As the 19th century ended, the great aristocratic families of Britain began to struggle. A number disappeared, ruined by their expensive lifesetyles, and the depression in agriculture – an estate’s lifeblood – while others clung on for dear life.

For a few hundred families, a miracle came in the form of an American heiress, also known as ‘Dollar Princesses’. By 1895, when nine Dollar Princesses became Ladies, Countesses, Marchionesses and Duchesses, the system had developed into mothers and daughters visiting London for the duration of the social season (April to August).

By the 1930s, some 350 US heiresses had married into the British aristocracy; it’s estimated that they brought (in today’s money) £1 billion with them. Here are some of their stories.

Jennie Jerome in 1880.

Jennie Jerome in 1880, shortly after her marriage to Sir Randolph Churchill. Robert Huffstutter

Jeanette ‘Jennie’ Jerome was born in Brooklyn in 1854 to Clara and Leonard Jerome. Her father’s fortune was made in stocks,  and he was nicknamed ‘the King of Wall Street’.

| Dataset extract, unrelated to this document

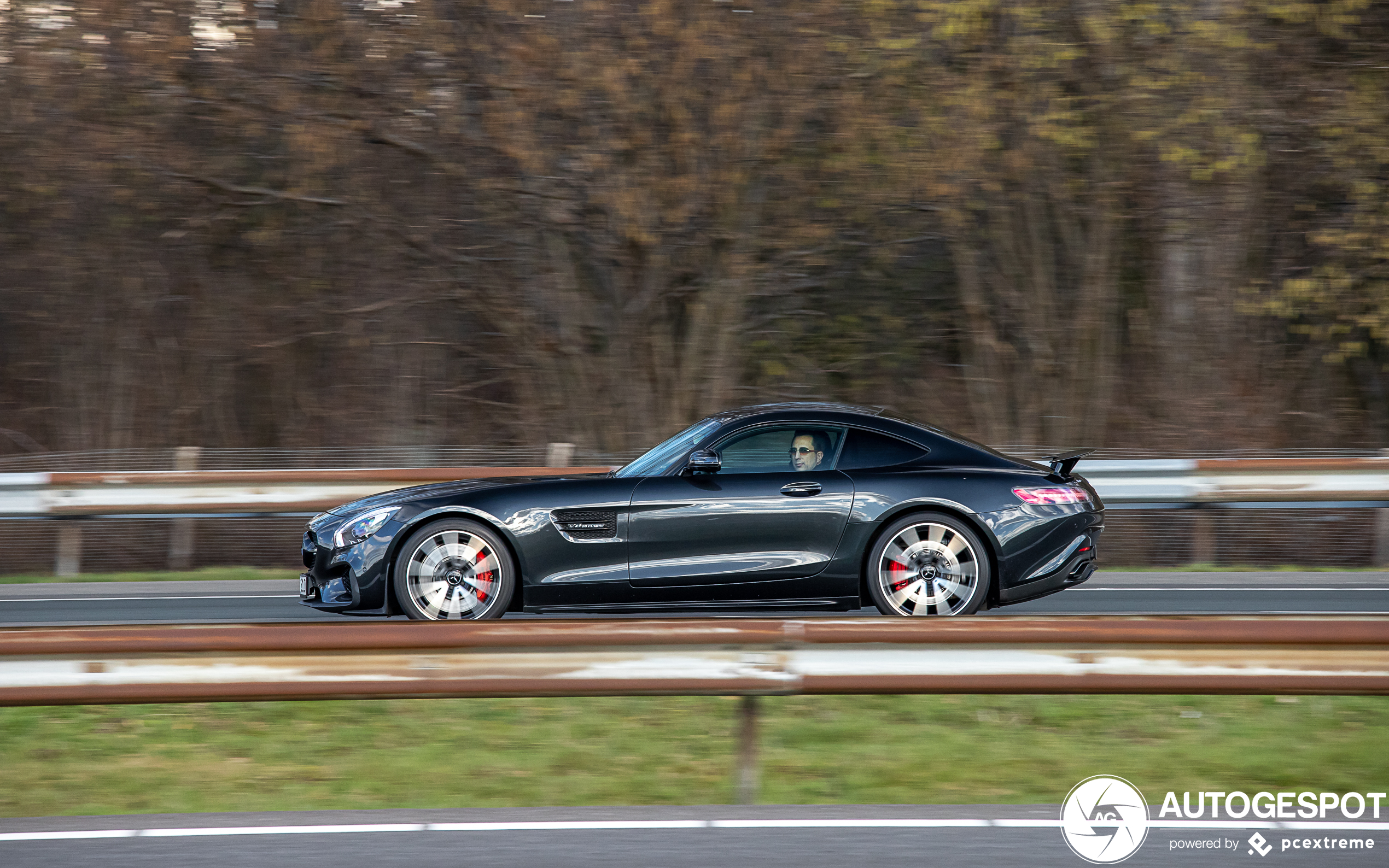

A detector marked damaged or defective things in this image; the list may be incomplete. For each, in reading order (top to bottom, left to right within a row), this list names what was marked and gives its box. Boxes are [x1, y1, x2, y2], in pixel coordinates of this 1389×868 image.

rusty guardrail rail [0, 617, 1383, 705]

Jennie was a renowned beauty, and her family was wealthy, making her an ideal bride. However, the New York elite, the so-called Knickerbockers who lived in Manhattan, shunned the Jeromes and their ‘new’ money. Leonard Jerome may have been worth $10 million, the family home on Madison Avenue may have had a 600-seat opera house, and a fountain flowing with real champagne at parties, but they were not accepted by the ‘old’ money of New York; the Knickerbockers were the Astors and the Roosevelts (yes, those Roosevelts) – a real life ‘Great Gatsby’ scenario.

Jennie’s mother took her daughters, Jeanette, Clarita, and Leonie, also known as ‘the Good, the Witty and the Beautiful’, to London and Paris for parties, to help them learn the European way, and mingle with the society elite. Something of a trend for the time, they knew it was a way to marry into the British aristocracy, or at least make new and important connections.

The Jermone mansion in New York. American Buildings Survey - Library of Congess HABS Collection.

The Jermone mansion in New York. American Buildings Survey – Library of Congess HABS Collection.

Jennie’s mother took her daughters to live in Paris in 1867, following a scandalous escapade involving their father and his numerous mistresses, whom he paraded in his house. The Jerome girls’ education and introduction to society, therefore, followed the manner of the European upper classes.

Known as a dark beauty and called ‘the panther’, the young Jennie had a snake tattooed on her wrist.

Following the invasion of France by Germany in 1870, the Jerome quartet moved to London. Whilst in the English capital, Jennie met The Prince of Wales, future Edward VII; she became a Royal mistress for a short time before he introduced her to Lord Randolph Churchill, son of the powerful Duke of Marlborough. The meeting took place in the summer of 1873 at a sailing regatta on the Isle of Wight, and it was love at first sight. Just three days later, Jennie and Randolph were engaged, in a whirlwind romance.

The couple married in April 1874, almost a year after their engagement, as their parents battled out the particulars of a marriage agreement. The Spencer-Churchills opposed the marriage, but a dowry of $250,000 (around £4.3 million today) from Mr Jerome soon won them over, Blenheim Palace being in a state of disrepair. However, their amorous children couldn’t keep their hands off one another: it is thought 20-year-old Jennie was pregnant by the time she walked down the aisle at the Parisian British Embassy.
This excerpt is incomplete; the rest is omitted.